I am weak, imperfect and afraid. It may appear on the outside that I am a strong, independent, can roll with the punches sort of girl, but if I am being honest I know that I can do none of these. It is only through Christ that I am strong. My independence is rooted in His unfailing love and it is only by His refining fires that I am able to see trial as good.
I ran across a quote from John Piper not long ago that stopped me in my happy-go-lucky tracks:
"The critical question for our generation--and for every generation--is this: If you could have heaven, with no sickness, and with all the friends you ever had on earth, and all the food you ever liked, and all the leisure activities you ever enjoyed, and all the natural beauties you ever saw, all the physical pleasures you ever tasted, and no human conflict or any natural disasters, could you be satisfied with heaven, if Christ was not there?"
This quote instantly exposed the shallowness of my one-sided faith in God. I am ashamed to say that too easily the answer to that question would more often than not be "yes". Is that the extent of my love for the Lord? When I face trials I go running to the Lord but when things are good I almost always fall away, thinking I can handle it on my own. How proud of me to think I can handle anything on my own. I cannot.
Last year the song "While I'm Waiting" by John Waller became sort of an anthem for my life, saying that as I wait I will continue to praise the Lord. There was nothing wrong with this idea until I began to assume that the Lord would indeed deliver me out of my situation. Now, however, I find myself asking the question "what if"--what if He chooses not to deliver me from this place in life?, what if this is exactly what God has purposed for my life?

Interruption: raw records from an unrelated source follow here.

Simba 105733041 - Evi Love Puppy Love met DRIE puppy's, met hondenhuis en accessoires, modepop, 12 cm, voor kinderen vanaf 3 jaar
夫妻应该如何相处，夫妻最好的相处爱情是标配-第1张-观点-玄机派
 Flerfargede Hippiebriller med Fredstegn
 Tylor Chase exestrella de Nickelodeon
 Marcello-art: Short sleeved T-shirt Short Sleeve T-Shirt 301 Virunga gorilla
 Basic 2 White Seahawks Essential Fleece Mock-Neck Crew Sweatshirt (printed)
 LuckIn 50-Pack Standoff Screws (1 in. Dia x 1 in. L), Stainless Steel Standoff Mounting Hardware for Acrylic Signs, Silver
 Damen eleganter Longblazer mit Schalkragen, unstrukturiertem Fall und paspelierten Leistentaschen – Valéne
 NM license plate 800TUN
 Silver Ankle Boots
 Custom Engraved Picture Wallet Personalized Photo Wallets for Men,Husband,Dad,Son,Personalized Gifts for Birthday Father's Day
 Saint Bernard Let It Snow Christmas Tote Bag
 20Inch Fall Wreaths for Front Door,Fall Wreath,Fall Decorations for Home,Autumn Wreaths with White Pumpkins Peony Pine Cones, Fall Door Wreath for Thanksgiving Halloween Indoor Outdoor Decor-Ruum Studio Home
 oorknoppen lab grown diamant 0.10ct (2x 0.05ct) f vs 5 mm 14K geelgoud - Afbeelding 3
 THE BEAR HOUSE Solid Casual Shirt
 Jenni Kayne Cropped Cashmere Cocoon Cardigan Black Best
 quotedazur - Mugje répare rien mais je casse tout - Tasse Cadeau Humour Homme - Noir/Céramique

Am I willing to live it to the fullest and quit looking for the next "out", thinking that surely He has something much more grandiose for my incredible life? Woe to me.
"Father, you are good to me and so often in your blessings I lose sight of you. Your blessings feel good and bring me great joy, but without you they are nothing. I desire to live for you alone but I constantly get distracted by the good things in my life that I run after more good feelings and leave you by the wayside. Forgive me oh Lord. Without you I am nothing. I know now that no good feeling will ever fill up the void in my heart. Forgive me for trying to stuff people and things and places into a God-sized hole. Let my feet run after you and my eyes see none but you. Lord, let it be."